En la declaración se fijan medidas concretas, entre ellas modificar ciertos criterios que hacen que los países latinoamericanos, calificados como de renta media, no reciban fondos suficientes, pese a tener grandes bolsas de pobreza. Entre las medidas adicionales figuran la ampliación de instrumentos de apoyo financiero y flujos de inversión hacia esos países, aportar garantías financieras que ya han funcionado para atraer inversión privada, articular fondos públicos y privados y ampliar los DEG. Se pide, además, asistencia técnica a nivel macro, con útiles que estabilicen los flujos de capital y, a nivel sectorial, mecanismos para reforzar sistemas de salud y protección social, con énfasis en el empleo.

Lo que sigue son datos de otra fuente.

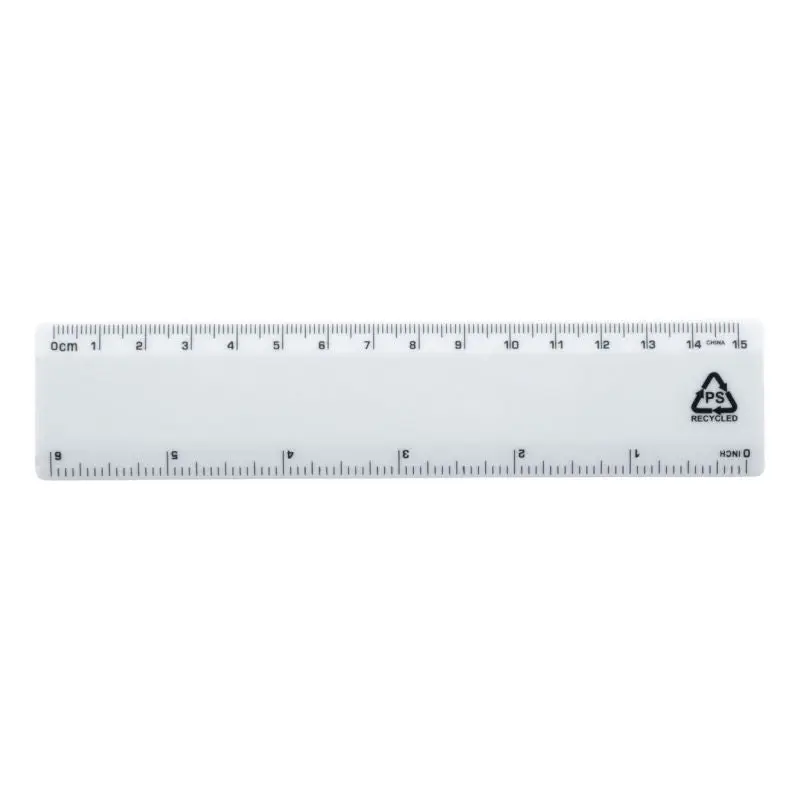 Weißes Relin 15 cm RPS-Lineal – Präzises und langlebiges Messwerkzeug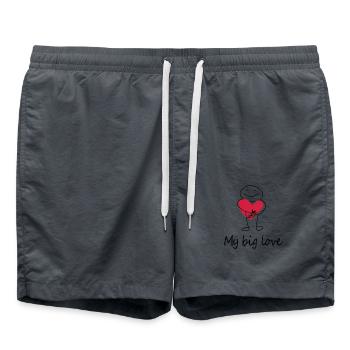 my big love - Swim Trunks - anthracite - Front - AI Model Male 185 light (185cm)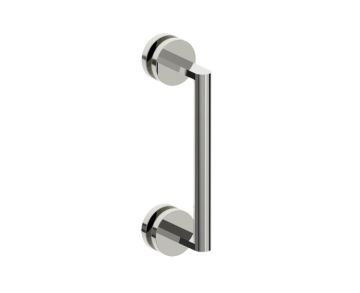 8 po poignée simple pour porte de douche FRANKFURT 3137508 nickel poli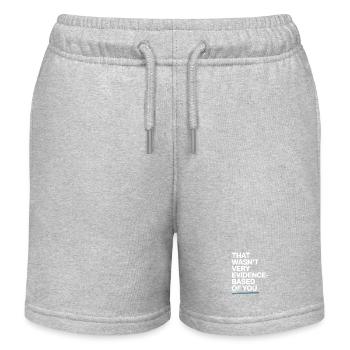 That Wasn't Evidence Based Medizin Labor Nerd Arzt - Kinder Organic Joggingshorts Mini Bolter von Stanley/Stella - Grau meliert - Vorne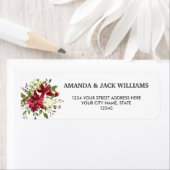 Yuletide | Poinsettia Kerst Bloemen bruiloft Etiket (Insitu)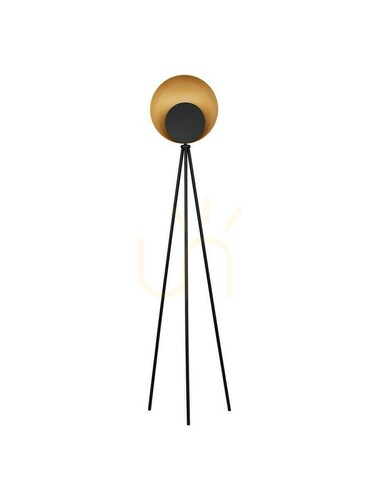 Kontrola Stojací LED lampa CATIAMAR Luces Exclusivas LE44958 černá a zlatá 151 cm
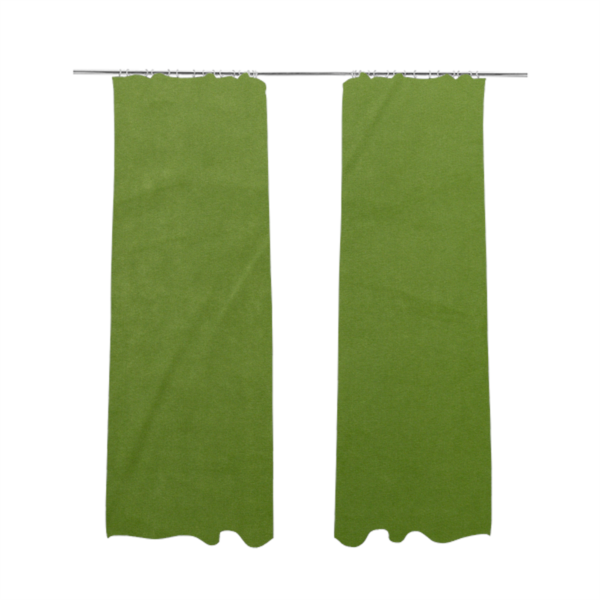 Alpha Plain Durable Velvet Brushed Cotton Effect Upholstery Fabric Green Colour CTR-2741 - Made To Measure Curtains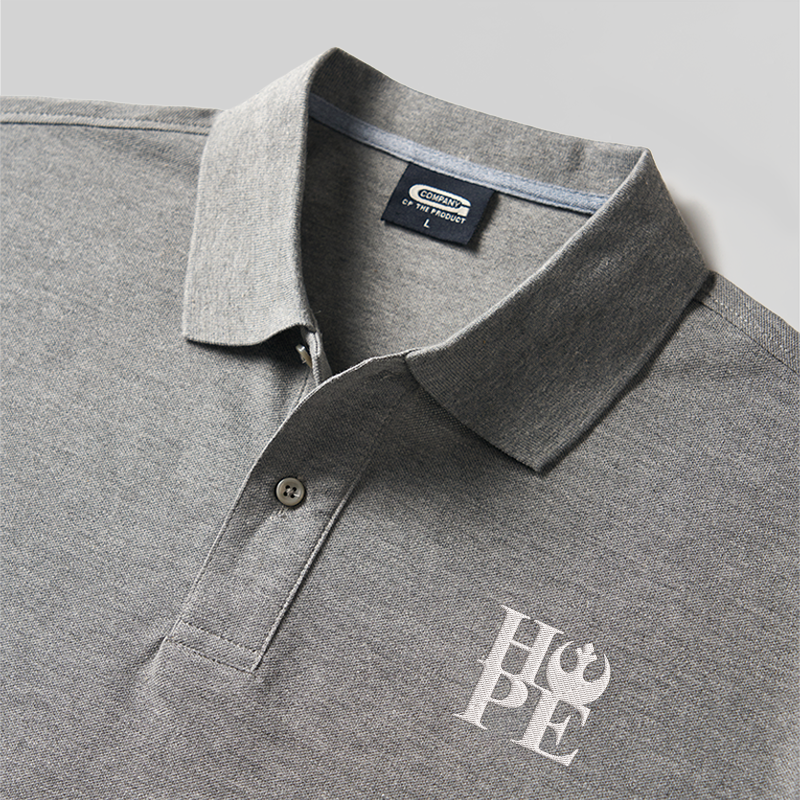 Hope Geek Embroidered Polo Shirt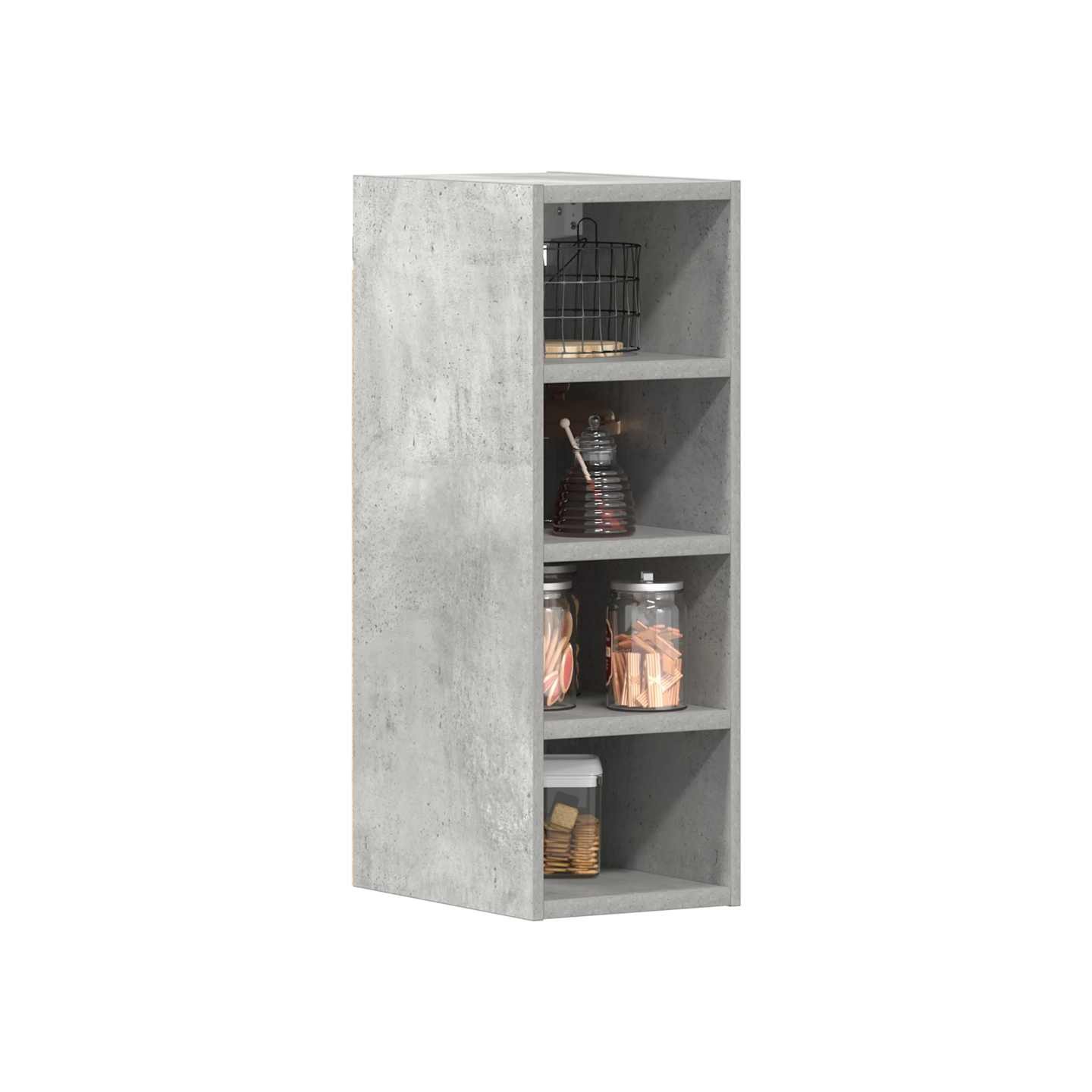 Armoire suspendue Riga gris béton 20x29,5x60 cm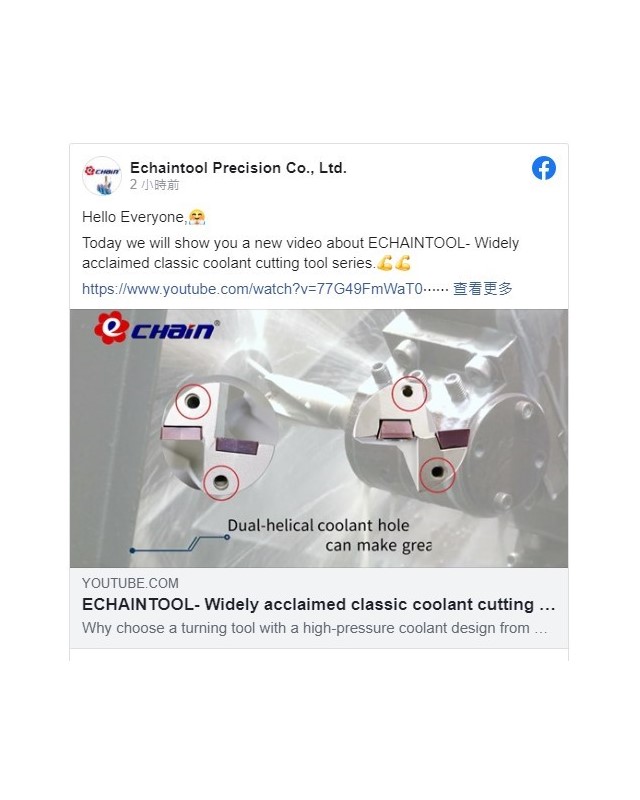 Widely acclaimed classic coolant Cutting Tool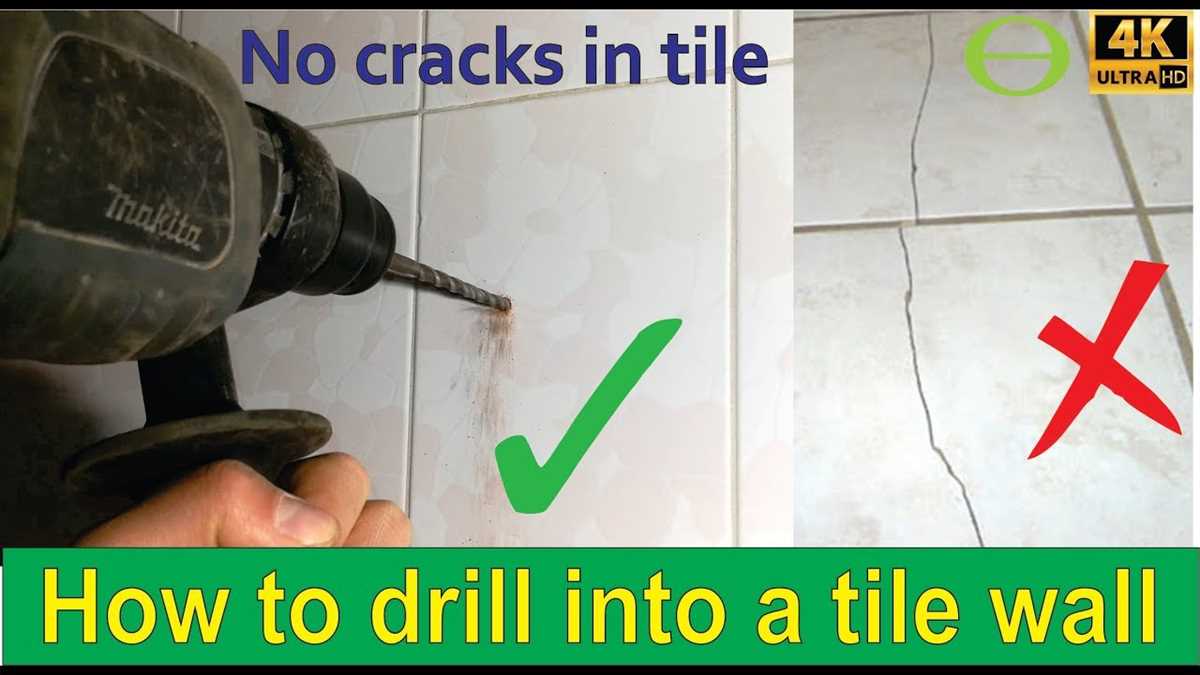 How to Safely Drill Into Porcelain Tile Without Cracking It 2. Dip the Bit in Water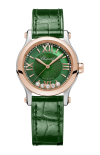 Chopard | HAPPY SPORT 30 MM, AUTOMATICO, ORO ROSA ETICO, LUCENT STEEL&trade;, DIAMANTI - 278573 (1)
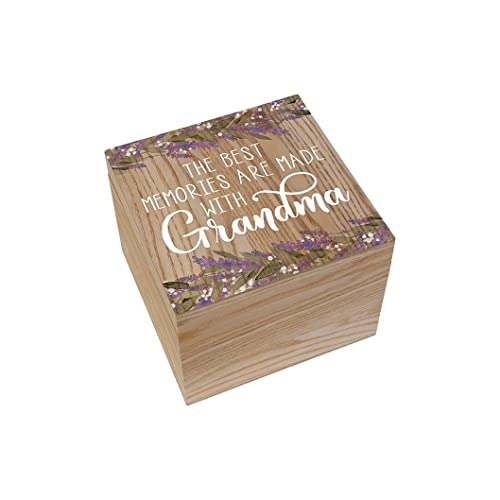 Carson Home Memory Box, 8-inch Height, Wood (Grandma)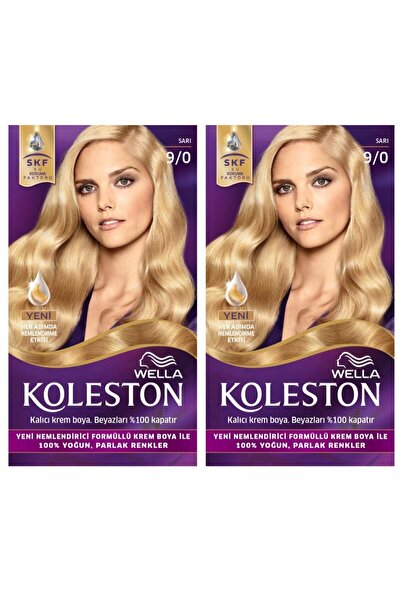 Wella Koleston 9/0 Kit Sarı Saç Boyası 2li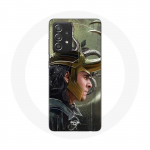 Coque pour Samsung Galaxy A33 5G Loki Thor Ragnarok avec Casque Fanart Saison 1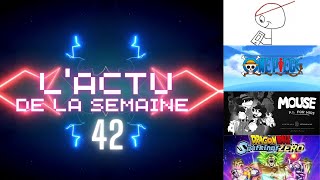 L 'actu de la semaine 42: One Piece, Bleach, DB sparking 0, PS et de la musique et bien plus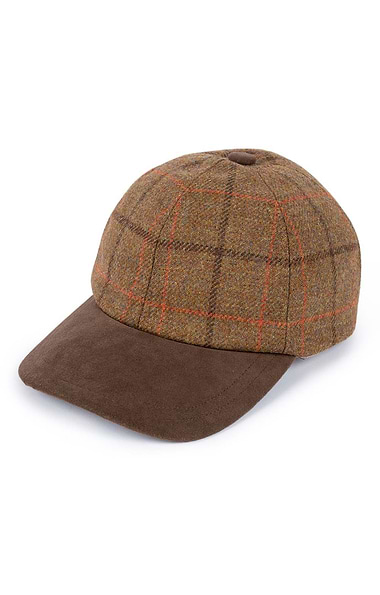 Men's British Tweed Baseball Cap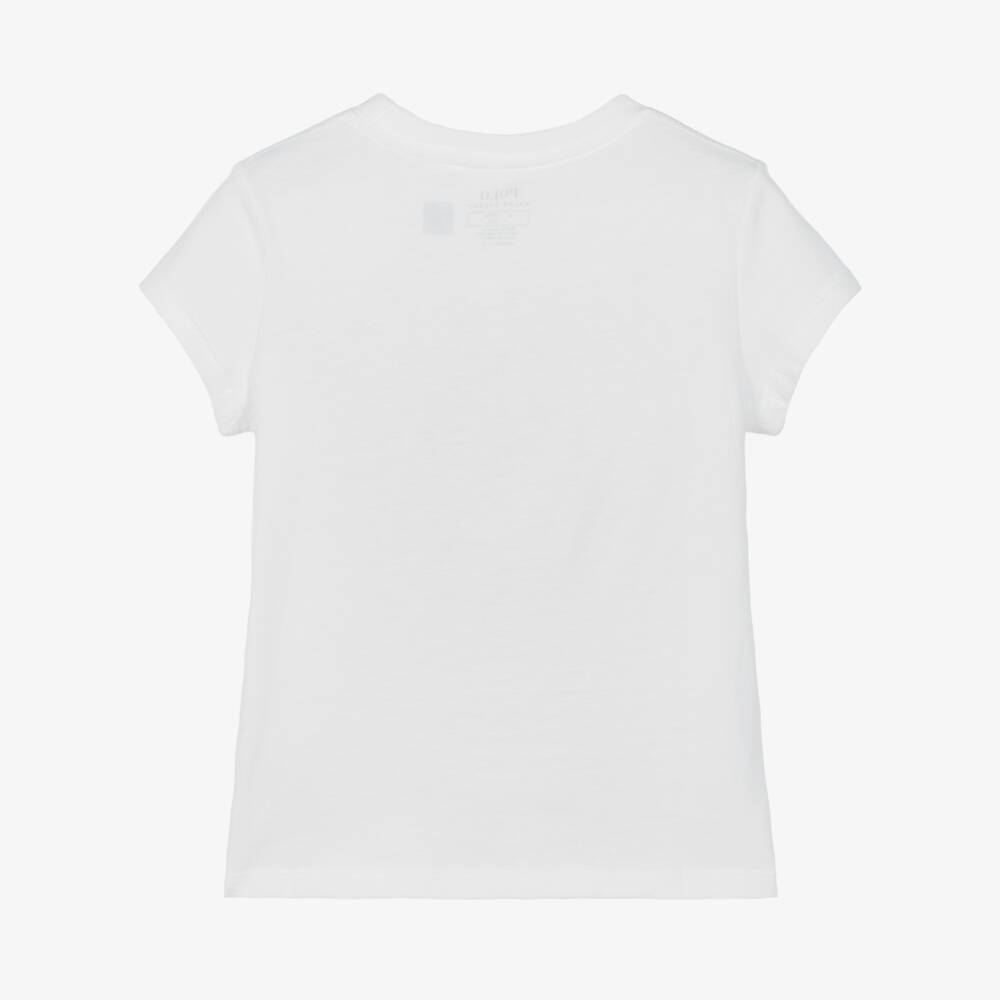 Ralph Lauren-Girls Cotton Tee with Riviera Design | Childrensalon Outlet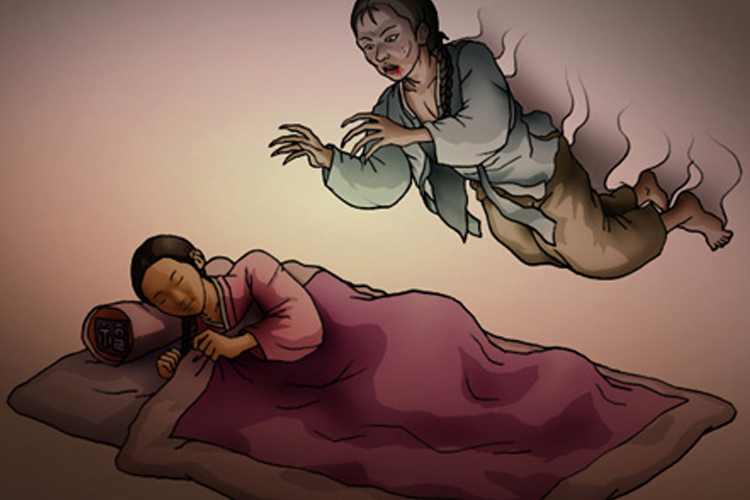 Korean virgin ghost returning to haunt a woman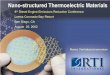 Nano-structures Thermoelectric Materals - Part 1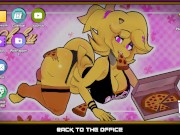 Preview 2 of FNAF Night Club [ Hentai Game PornPlay ] Ep.4 furry footjob and cumshot in the office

En el ámbito macro, los 11 países, entre ellos España, además de Cepal y Segib, piden acciones para dotar a los países de margen para implementar medidas urgentes, salvaguardando la sostenibilidad de la deuda. Entre ellas ampliar el margen fiscal con préstamos a largo; reestructuraciones o alivio de deuda caso por caso; garantizar la liquidez con acceso a líneas ‘swap’ de divisas y a créditos rápidos y favorecer la financiación mixta de inversiones.

En el ámbito sectorial se proponen préstamos blandos, donaciones bilaterales y reasignación de recursos aprobados para reforzar la capacidad de los sistemas de salud. Y también préstamos blandos, donaciones y asignación de recursos para financiar planes de reactivación productiva, apoyo al empleo y sistemas de protección social y respaldo a las micro, pequeñas y medianas empresas, con especial atención a su integración en las cadenas globales de valor. En la declaración se insiste en que la región no saldrá adelante sin ayuda exterior y en que no basta la respuesta dada, con la movilización de 50.000 millones por el FMI o 23.000 millones por el BID. Es algo que lo que, han insistido también Segib o el expresidente colombiano Samper, para quien se afronta un esfuerzo que representará el 10-15% del PIB regional (unos 700.000 millones) para colocar a Latam la situación en la que estaba hace cinco años.